--- Given data ---

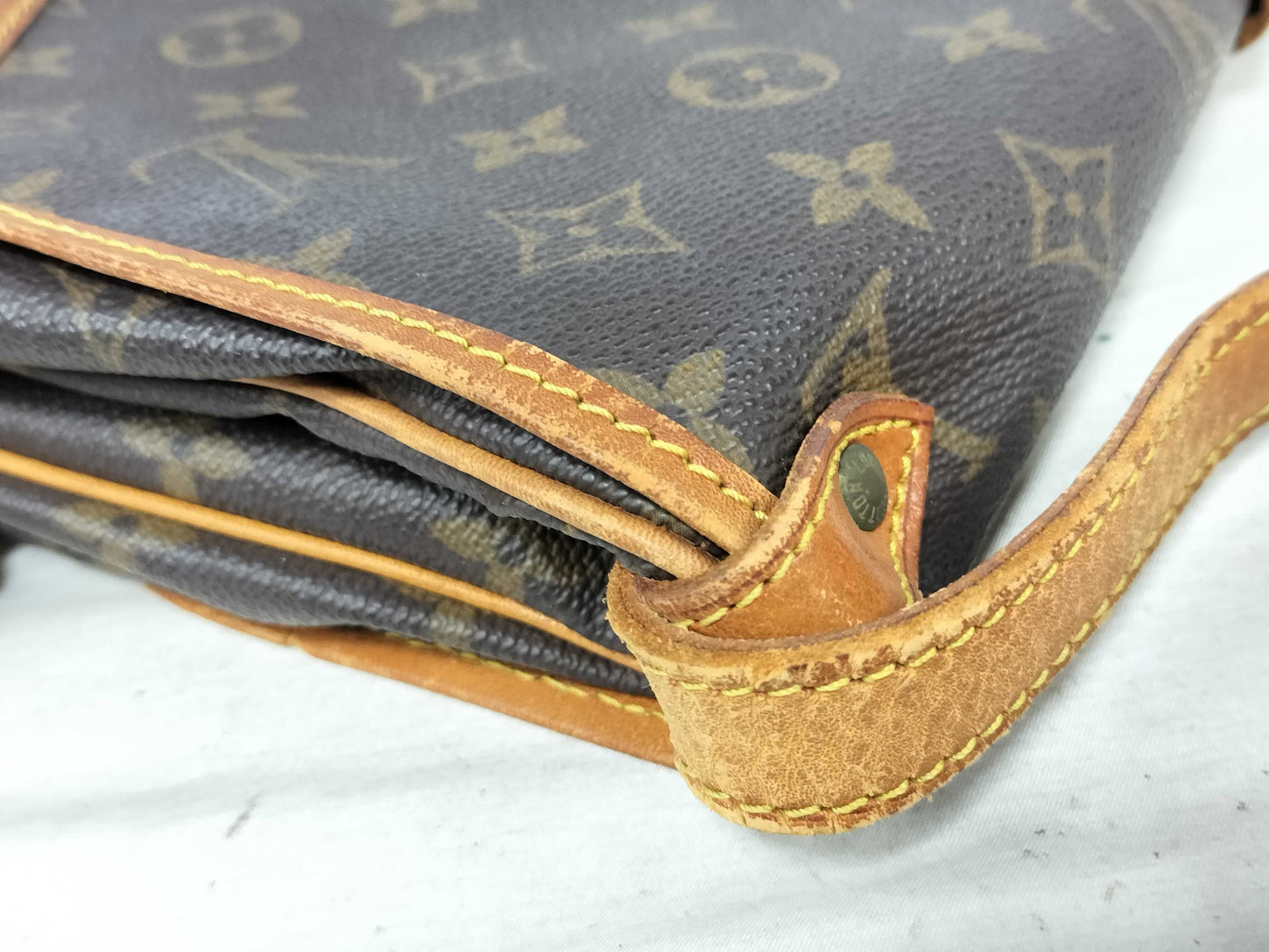LOUIS VUITTON M42254 Monogram Saumur 35 M42254 VI883 Shoulder Bag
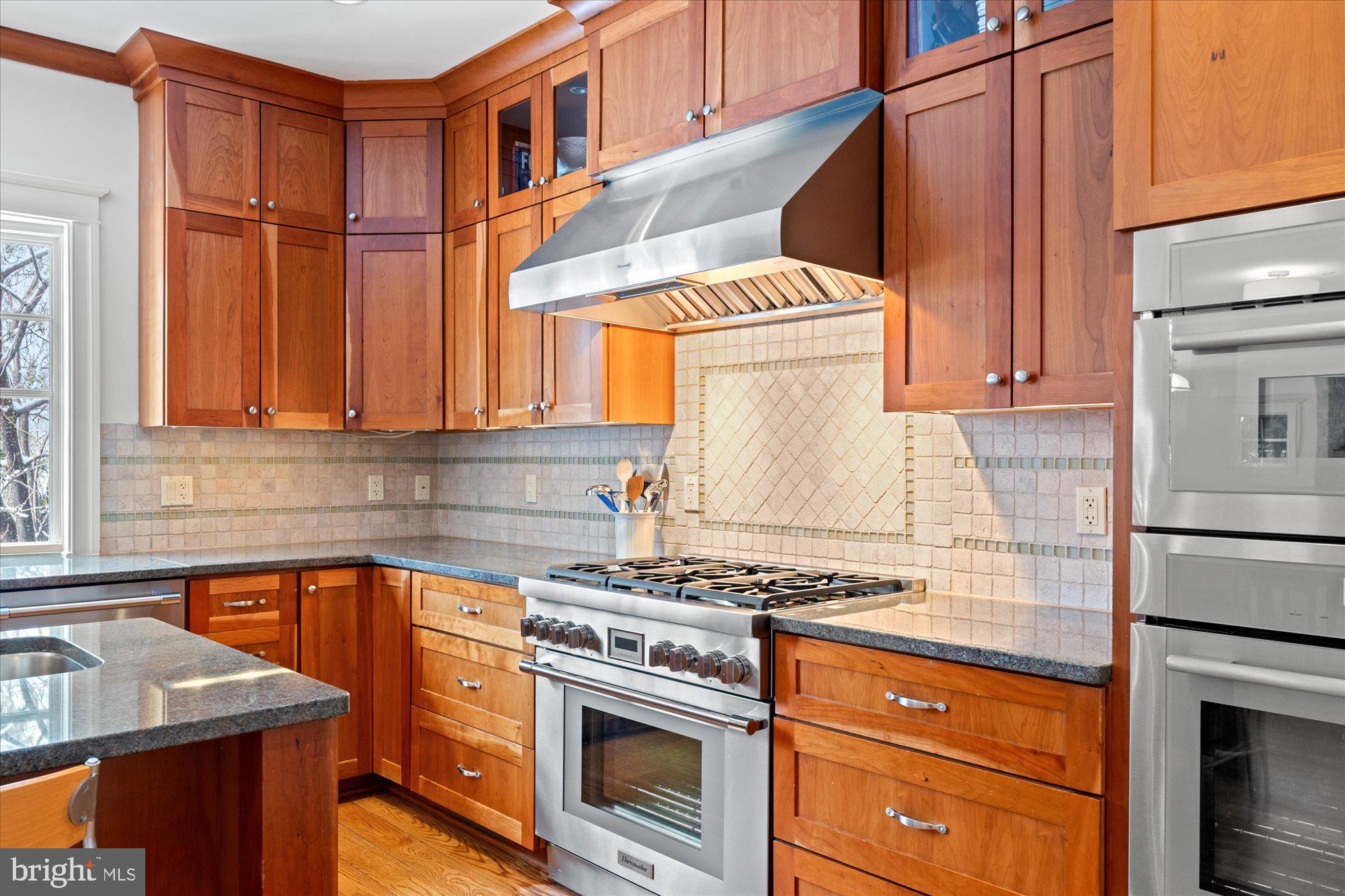 GLEN ECHO HEIGHTS - Residential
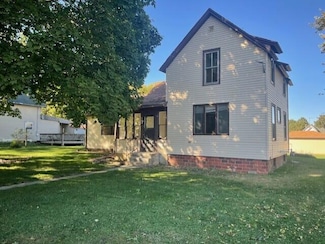 623 E Chestnut, Hubbard, IA 50122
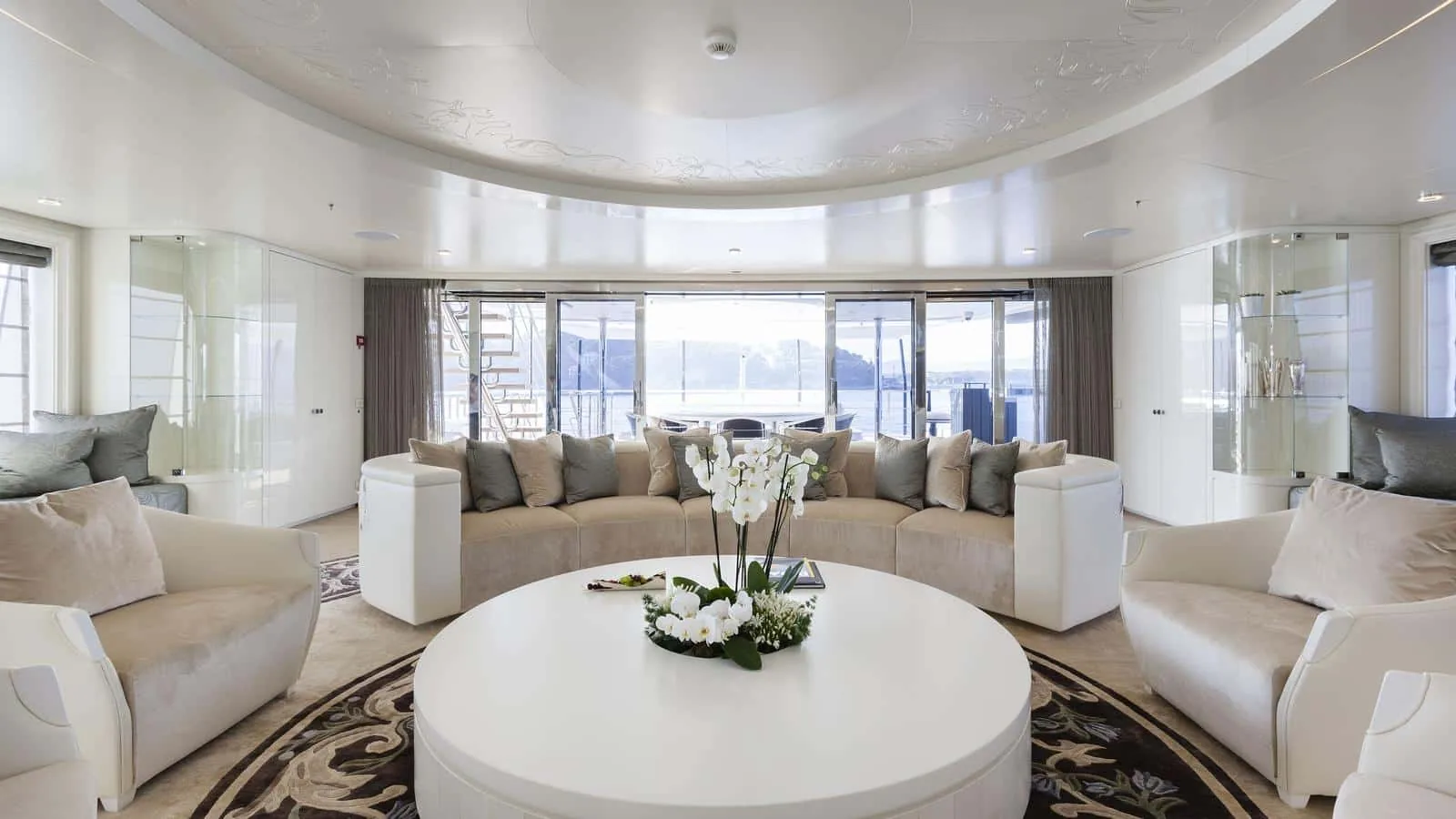 QUINTA ESSENTIA - photo 15 yacht charter Cannes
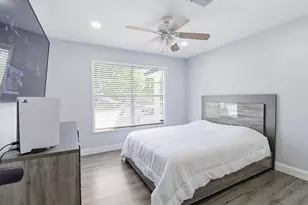 695 Dixie Ln, West Palm Beach, FL 33415 - Photo 17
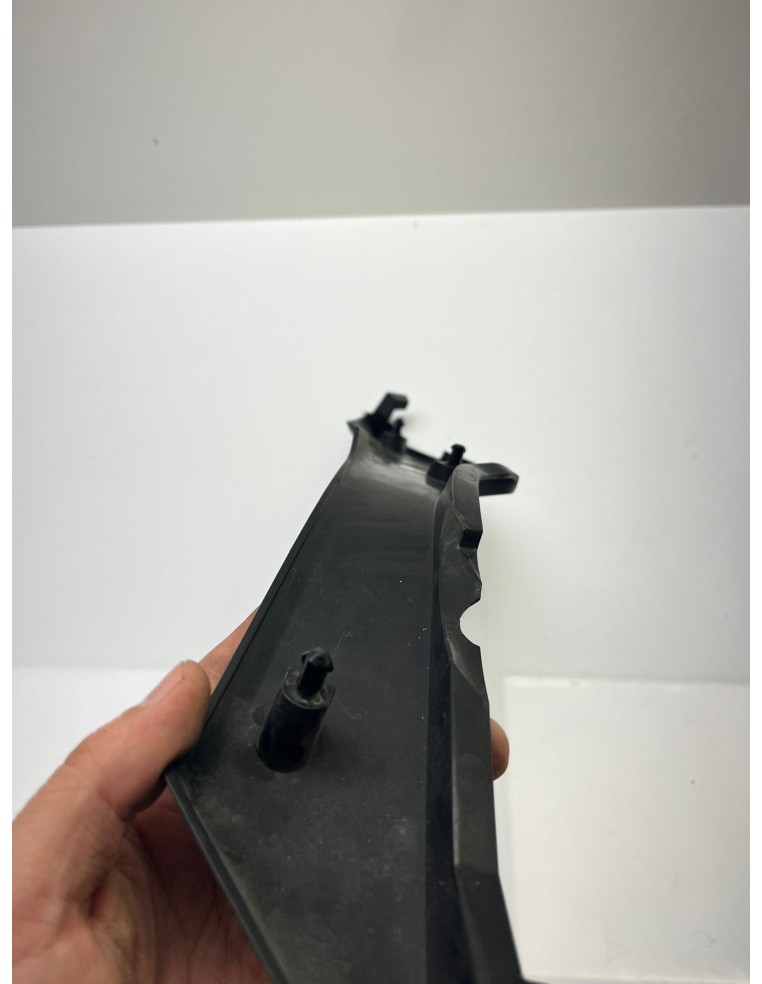 Cache sous selle droit KAWASAKI VERSYS 650 2006 - 2008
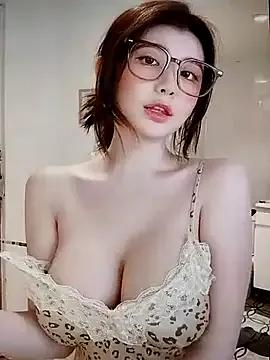 Lusi_show from StripChat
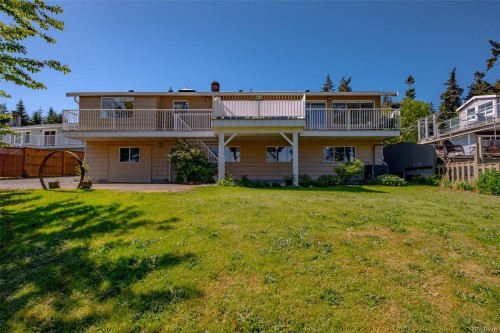 4301 Eva Rd, Bowser, BC 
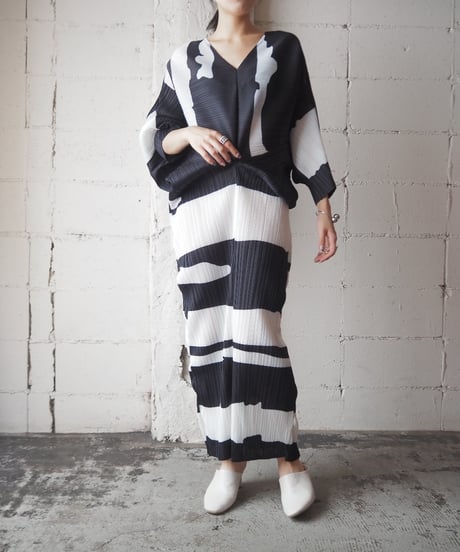 Bicolor Pattern Pleated Dress BKWH
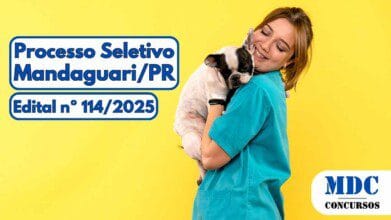 Processos Seletivos 4 Imagem colorida com fundo amarelo vibrante, mostrando uma mulher jovem vestida com jaleco azul turquesa e luvas brancas, sorrindo e abraçando um cachorro da raça bulldog francês. À esquerda, há textos em azul destacados com moldura branca informando: "Processo Seletivo Mandaguari/PR" e "Edital n° 114/2025". No canto inferior direito está o logotipo "MDC Concursos" em azul sobre fundo branco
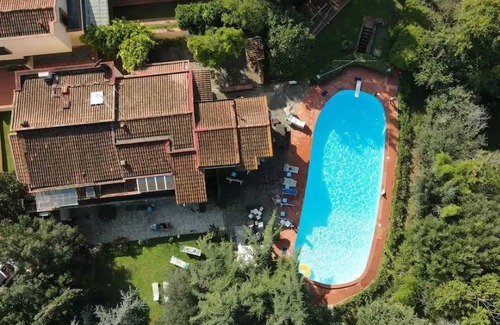 Oltrarno Villa | Homerez - Villa paisible à Firenze avec piscine privée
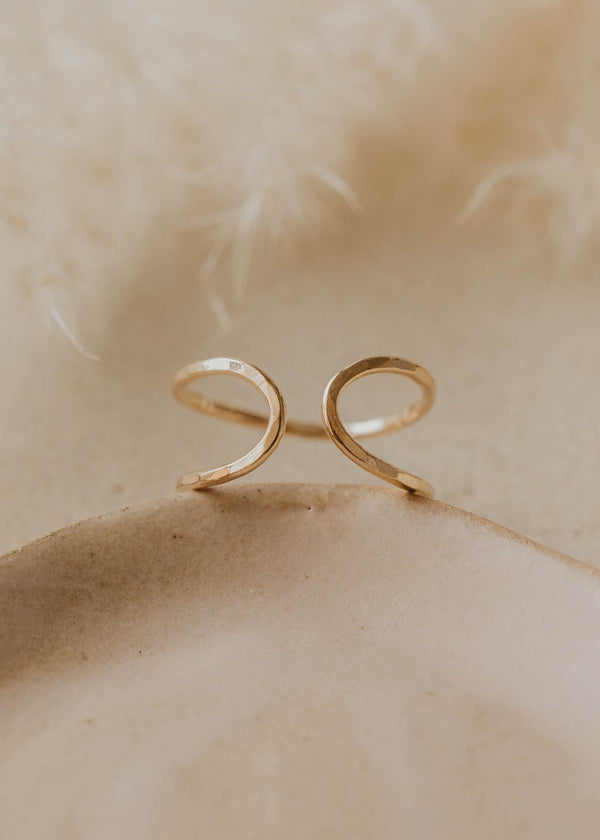 Revolve Ring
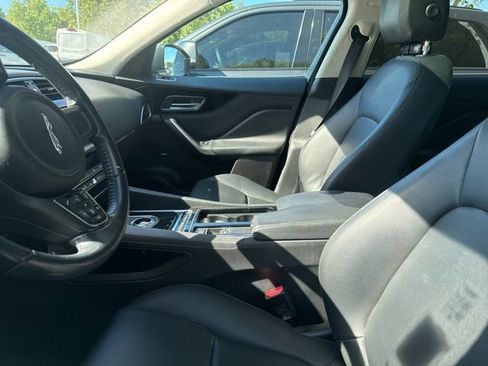 Used 2019 Jaguar F-PACE Premium image 6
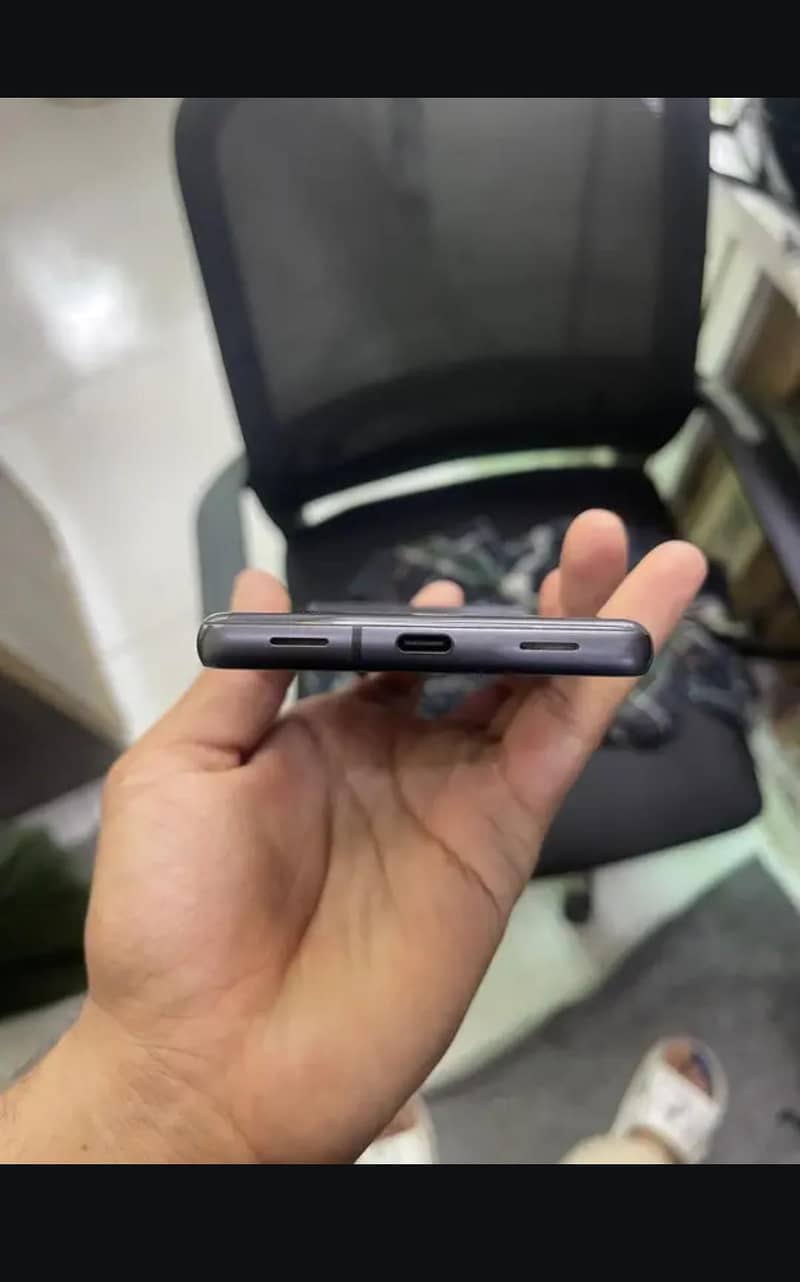 Google Pixel 7a 2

---

Required work:
Would you please transcribe the listing in full, exactly, while omitting the images?

Exercise solution:
LOUIS VUITTON M42254 Monogram Saumur 35 M42254 VI883 Shoulder Bag
 GLEN ECHO HEIGHTS - Residential
 623 E Chestnut, Hubbard, IA 50122
 QUINTA ESSENTIA - photo 15 yacht charter Cannes
 695 Dixie Ln, West Palm Beach, FL 33415 - Photo 17
 Cache sous selle droit KAWASAKI VERSYS 650 2006 - 2008
 Lusi_show from StripChat
 4301 Eva Rd, Bowser, BC 
 Bicolor Pattern Pleated Dress BKWH
 Processos Seletivos 4 Imagem colorida com fundo amarelo vibrante, mostrando uma mulher jovem vestida com jaleco azul turquesa e luvas brancas, sorrindo e abraçando um cachorro da raça bulldog francês. À esquerda, há textos em azul destacados com moldura branca informando: "Processo Seletivo Mandaguari/PR" e "Edital n° 114/2025". No canto inferior direito está o logotipo "MDC Concursos" em azul sobre fundo branco
 Oltrarno Villa | Homerez - Villa paisible à Firenze avec piscine privée
 Revolve Ring
 Used 2019 Jaguar F-PACE Premium image 6
 Google Pixel 7a 2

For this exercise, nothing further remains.